Work order -
Every record below should be repeated exactly. Omit the pictures.
==== Material for the task ====
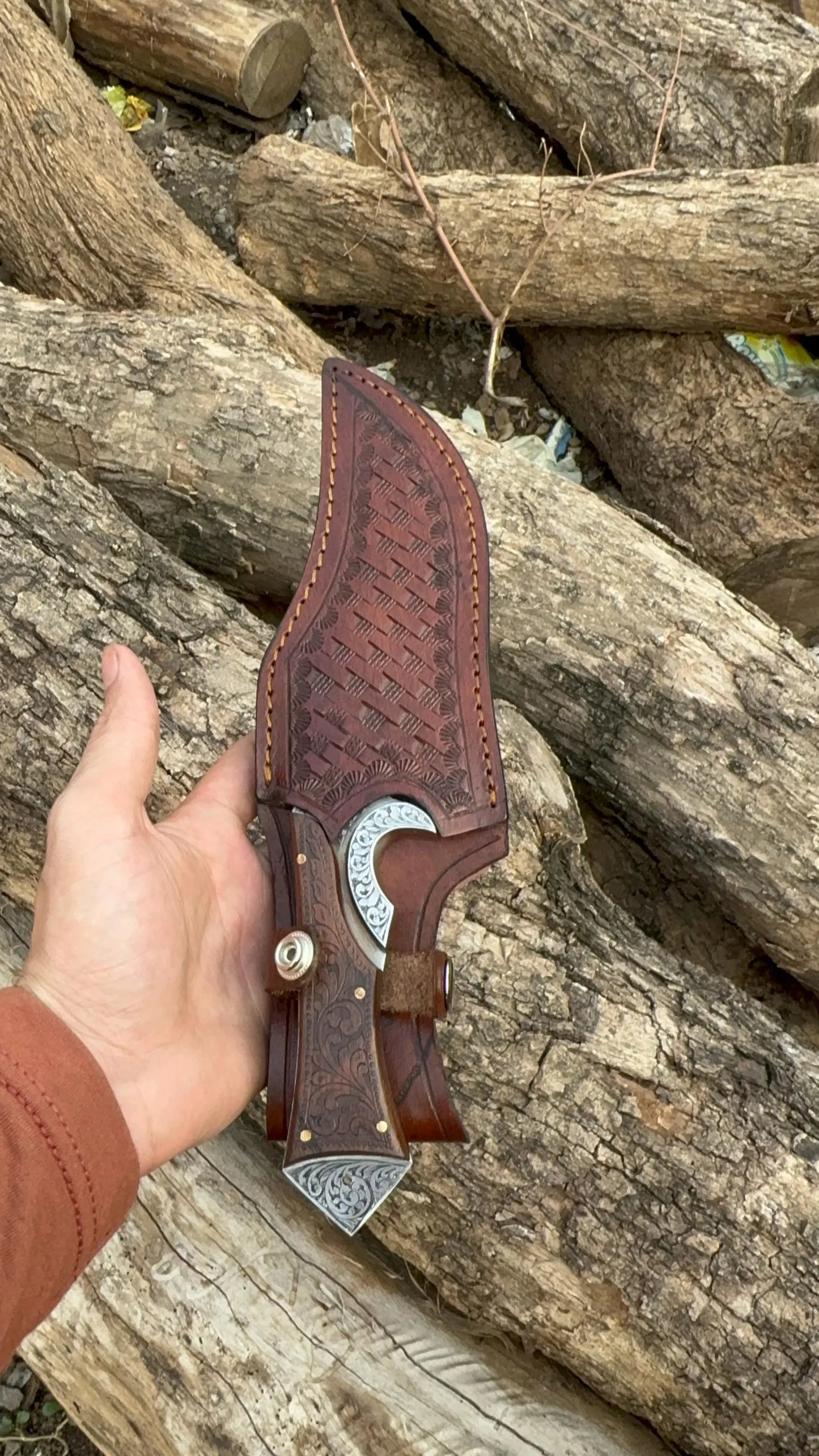 Hand Engraved Damascus Camping Knife – Bone Handle Personalized Sheath | DRSKNIVES HUB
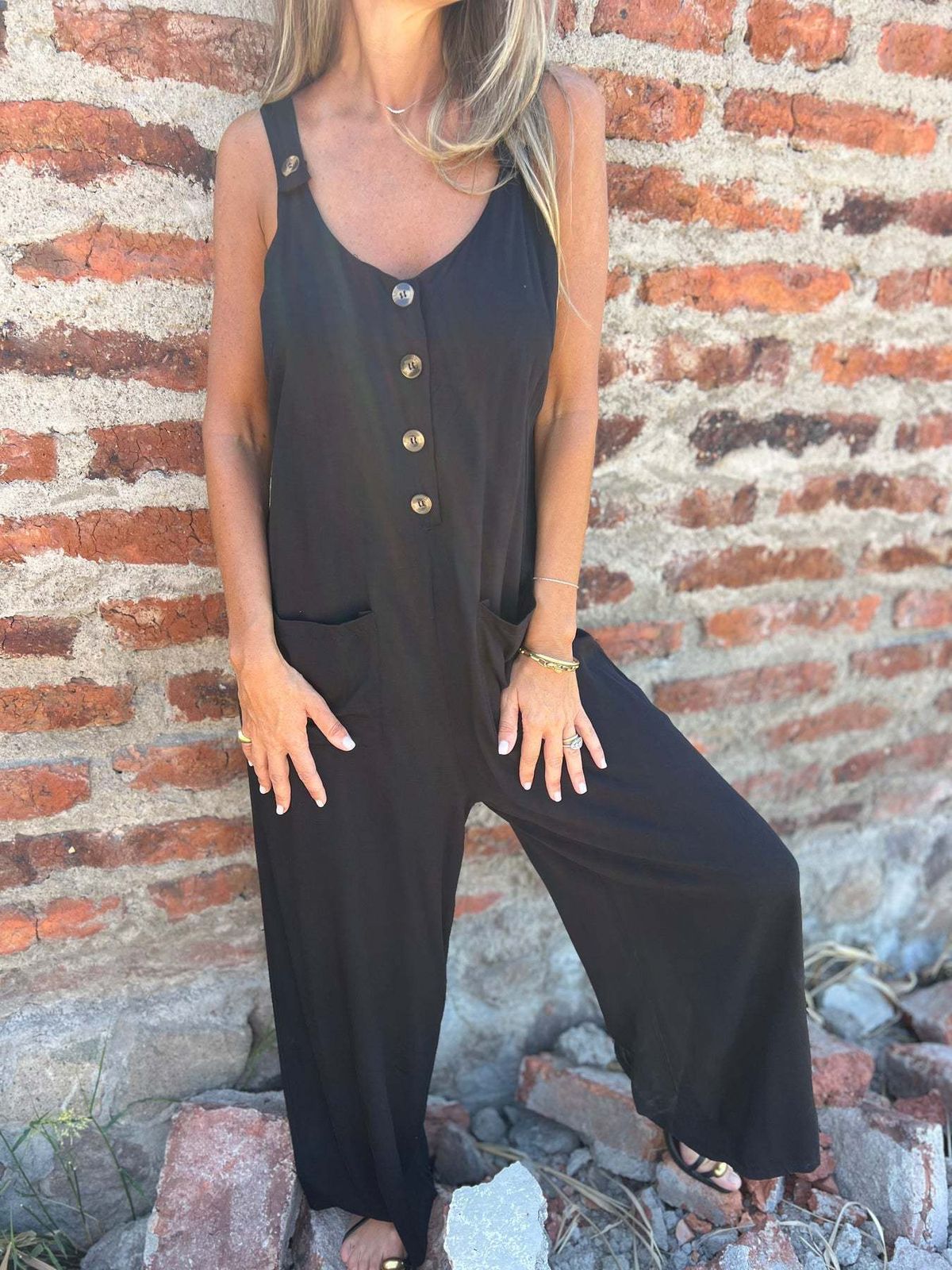 Summer New Women's Casual Bib Jumpsuit Loose Fit Solid Color Button Insert Pocket_ecoleips.com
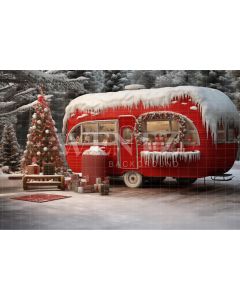 Photography Background in Fabric Christmas Trailer / Backdrop 4606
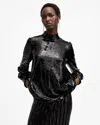 Allsaints Whitney Sequin High-neck Blouse In Black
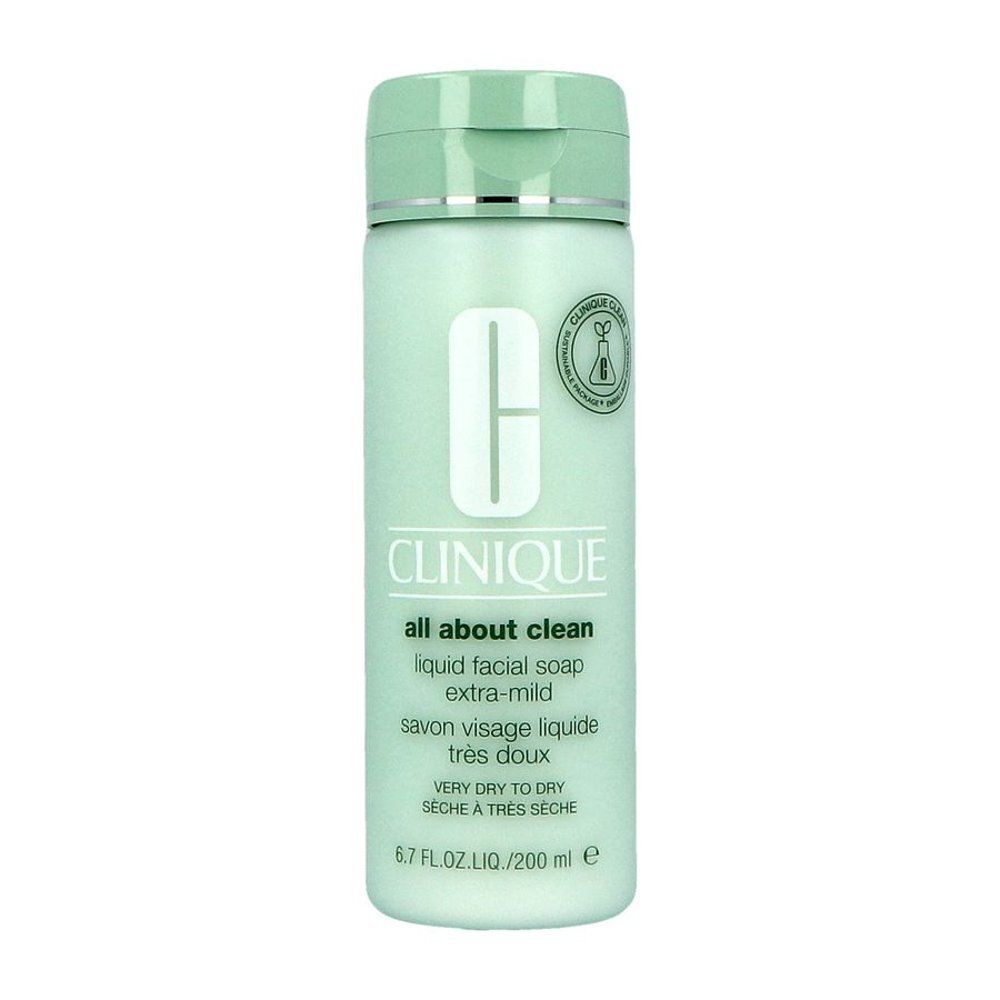 Lichtgroene fles met klapdeksel. Opschrift: CLINIQUE all about clean liquid facial soap extra-mild. Met logo.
====
The answer -
 Hand Engraved Damascus Camping Knife – Bone Handle Personalized Sheath | DRSKNIVES HUB
 Summer New Women's Casual Bib Jumpsuit Loose Fit Solid Color Button Insert Pocket_ecoleips.com
 Photography Background in Fabric Christmas Trailer / Backdrop 4606
 Allsaints Whitney Sequin High-neck Blouse In Black
 Lichtgroene fles met klapdeksel. Opschrift: CLINIQUE all about clean liquid facial soap extra-mild. Met logo.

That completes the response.